▶ **Material provided**

*** Block opens ***

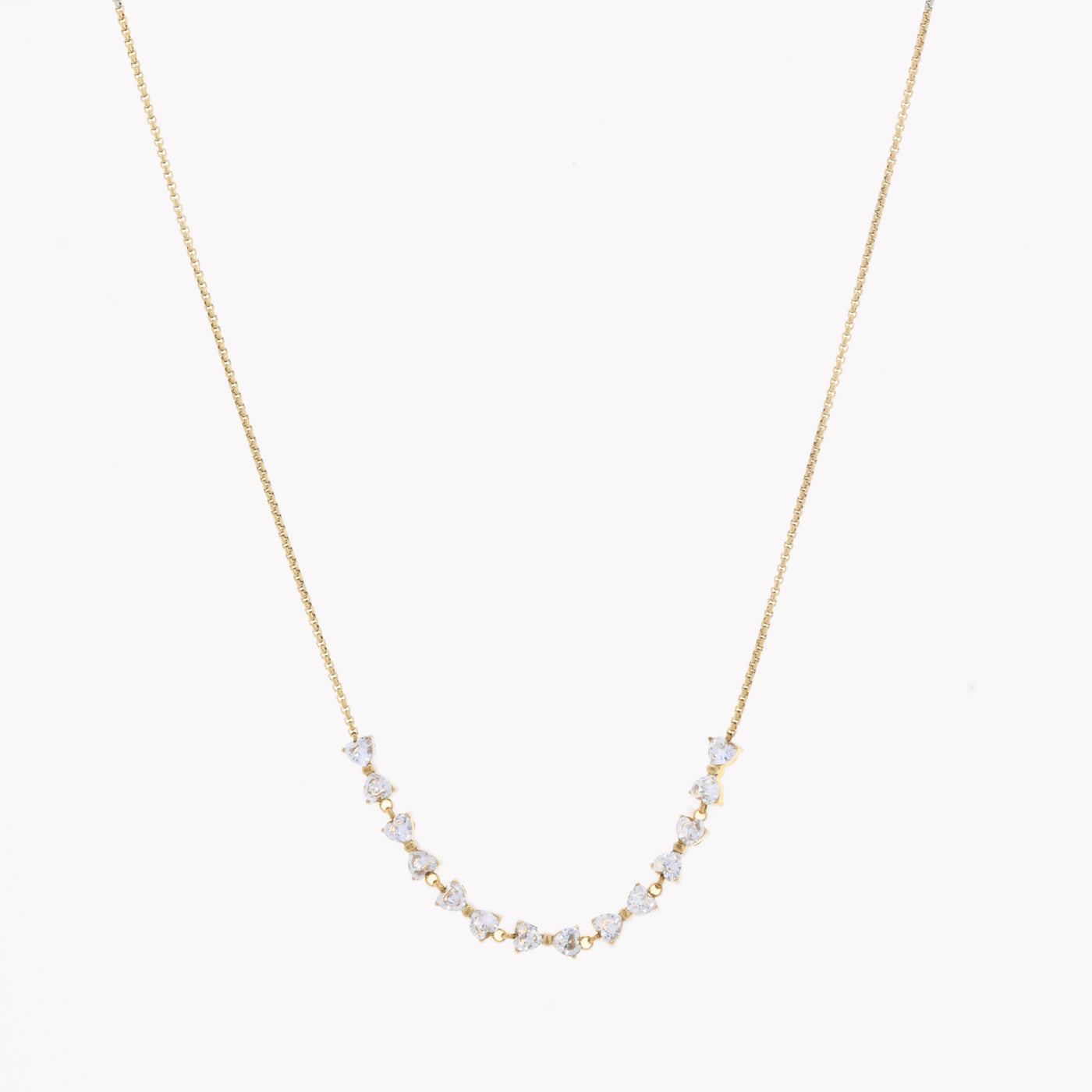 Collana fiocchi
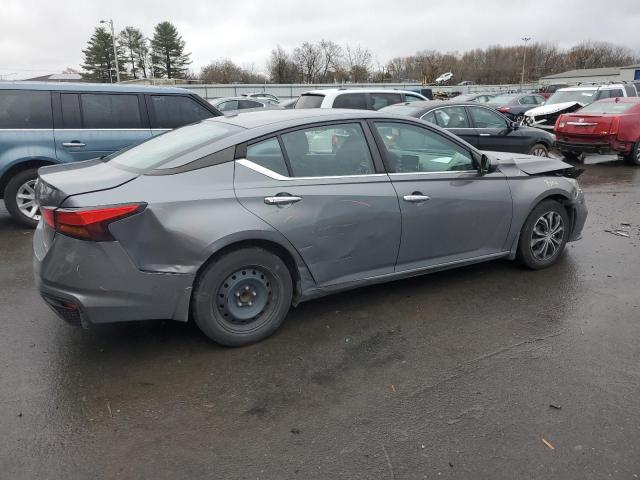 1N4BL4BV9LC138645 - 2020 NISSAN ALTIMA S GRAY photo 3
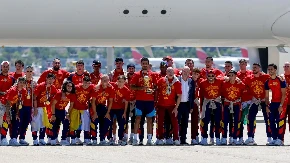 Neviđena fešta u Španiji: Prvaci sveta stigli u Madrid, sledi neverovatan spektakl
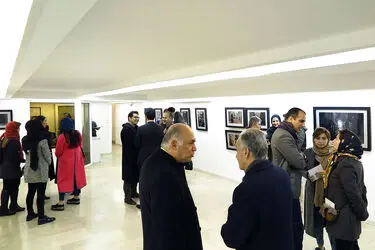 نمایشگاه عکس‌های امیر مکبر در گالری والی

*** Block closes ***
*** Block opens ***

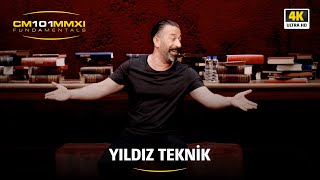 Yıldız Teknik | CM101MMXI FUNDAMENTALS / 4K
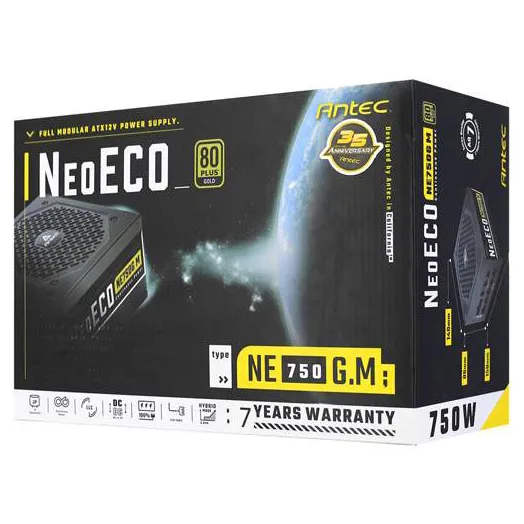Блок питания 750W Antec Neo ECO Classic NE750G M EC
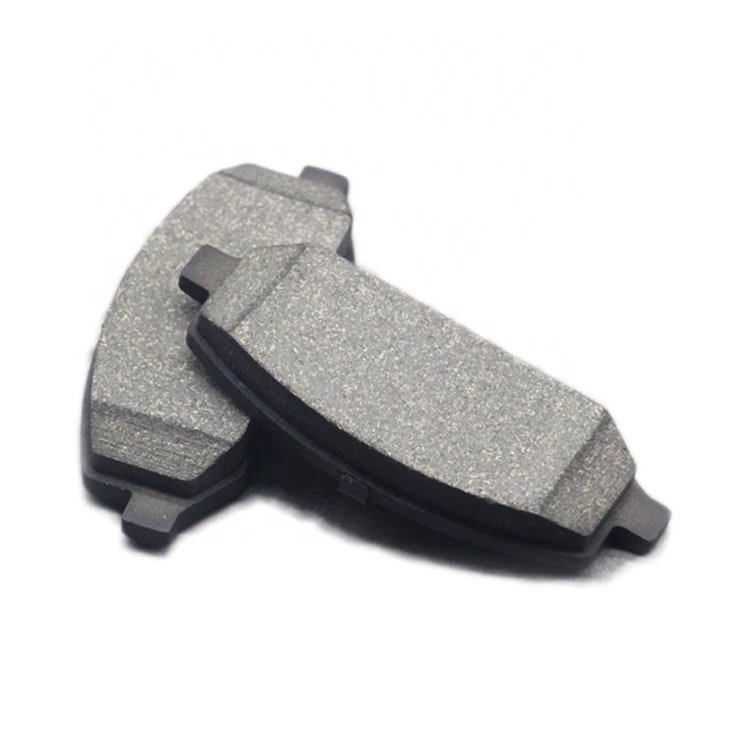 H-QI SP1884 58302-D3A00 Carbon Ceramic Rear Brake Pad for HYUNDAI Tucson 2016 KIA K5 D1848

*** Block closes ***
*** Block opens ***

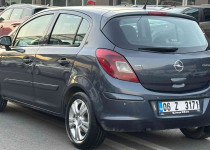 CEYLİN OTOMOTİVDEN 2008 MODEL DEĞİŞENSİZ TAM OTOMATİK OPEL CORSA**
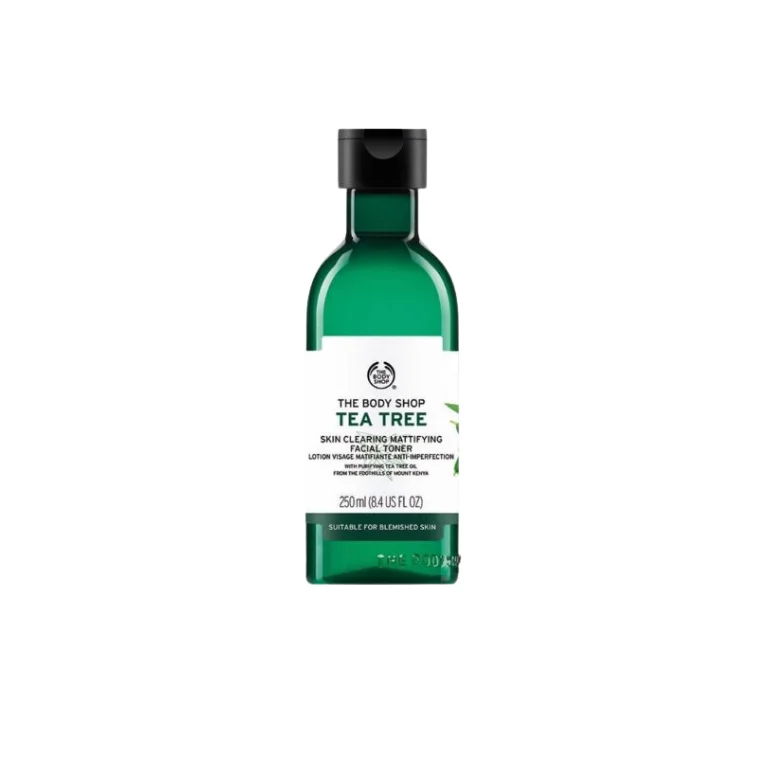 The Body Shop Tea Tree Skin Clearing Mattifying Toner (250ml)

*** Block closes ***

▶ **Task goal**
Word for word, write out the lines above running from the one with "Yıldız Teknik | CM101MMXI FUNDAMENTALS / 4K" up to and including the one with "H-QI SP1884 58302-D3A00". Drop any picture.

▶ **Exercise output**
 Yıldız Teknik | CM101MMXI FUNDAMENTALS / 4K
Блок питания 750W Antec Neo ECO Classic NE750G M EC
 H-QI SP1884 58302-D3A00 Carbon Ceramic Rear Brake Pad for HYUNDAI Tucson 2016 KIA K5 D1848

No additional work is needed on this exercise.